Questions like these ground our technical approach in a social context. They help us think through what kind of impact we want the model to have for both the business and the people who will be affected by it.
We’ll now begin to cover how model fairness can be assessed and measured in a quantitative sense. Note that this is a specific way to assess fairness in models, rather than entire AI systems that would raise different questions around what is fair when it comes to the implementation or best use of AI.
Types of harm#
To build a fair model, we first need to look at the potential harms caused by unfair models (and, accordingly, by those who built those models). Understanding different types of harm will help us determine the right context and metrics for model fairness later on. Researcher Dr. Kate Crawford distinguishes two types of harm in her NIPS 2017 Keynote presentation:
Harms of allocation, when systems withhold a good or service from certain groups.

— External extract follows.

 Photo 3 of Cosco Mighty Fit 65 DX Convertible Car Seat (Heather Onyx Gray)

Harms of representation, when systems reinforce negative stereotypes about certain groups.
Harms of allocation#
Let’s consider a real-world instance that demonstrates harms of allocation. In 2019, Apple Card applicants discovered men were offered higher credit lines than women with the same credit qualifications. In this case, women weren’t offered the same level of service as men because of their gender (a sensitive attribute). This discrepancy demonstrates that Apple’s credit assessment algorithm caused a harm of allocation.
Harms of representation#
Now, take a look at harms of representation. This type of harm can occur in domains such as image classification, ad targeting, and speech detection. In the realm of image classification, facial recognition algorithms are notorious for their varying accuracy between different racial groups and genders, with highest error rates when classifying Black women. This variation manifests in harm when, for instance, Black people are mistakenly arrested due to facial recognition errors.
Harms in a use case#
So, what’s a practical example of harm? Let’s consider a use case where a marketing team is trying to predict customer churn, or likelihood that they will lose the customer.

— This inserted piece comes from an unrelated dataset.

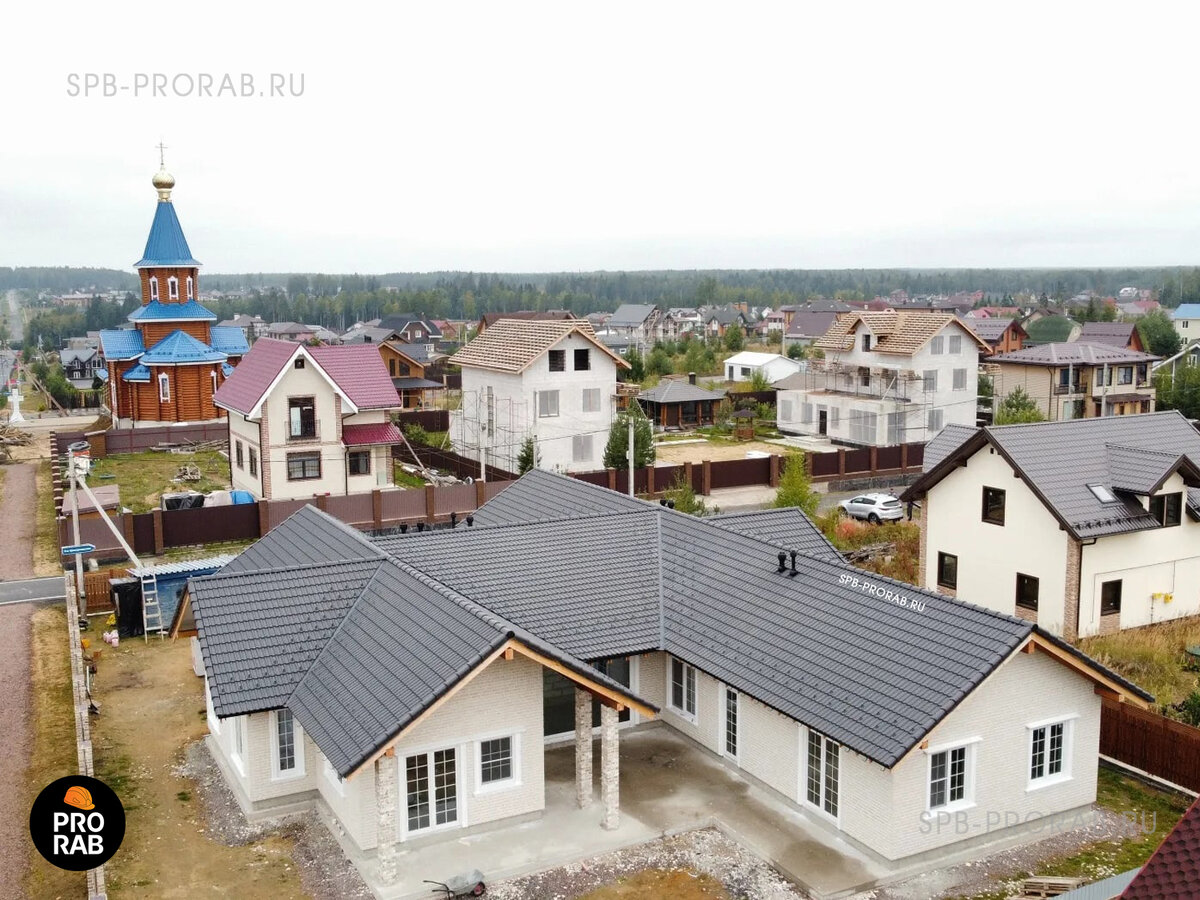 КП Бриллиант, Агалатово, Всеволожский район ЛО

Assume that there is a common belief that older customers tend to stick with their service providers no matter what. This belief may be assimilated into our model, which can cause the model to predict that older customers will not churn at a high rate.
This might produce a harm of allocation; in other words, if older customers are not expected to churn, the marketing team may decide that they don’t need promotional pricing (a service) to prevent churn.
This line of thinking leads to two very real impacts — both social and business, as promotional pricing and avoidable loss of revenue will affect the bottom line.
By thinking through the potential harm from this model before we start experimenting, we can better determine what risks need to be minimized and use that information to guide the development process.
Three types of fairness#
Now that we are familiar with different types of harms, we need to investigate how they relate to the concept of model fairness. At a baseline, evaluating model fairness involves comparing the outputs of a model across groups, individuals, or features. Therefore, we can categorize model fairness into three different types:
Group fairness: a model performs equally well across different subgroups of a population.
Individual fairness: a model predicts the positive outcome at the same rate between individuals that have similar features.
Counterfactual fairness: a model outputs the same probabilities for records where individuals only differ by the sensitive attribute.
In the case of churn prediction, we are primarily concerned with group fairness, making sure our model performs equally across people of different age groups. In fact, group fairness is the most common form of fairness used to assess model bias and is most closely linked to existing regulations (for example on financial institutions).
Be aware that it is impossible to eliminate or prevent all unwanted biases in a model; however, being able to find, reflect on, and document these biases is important to create more accountable and transparent models. Moreover, in knowing how a model could be biased, we can tweak parameters and settings to minimize bias and maximize fairness.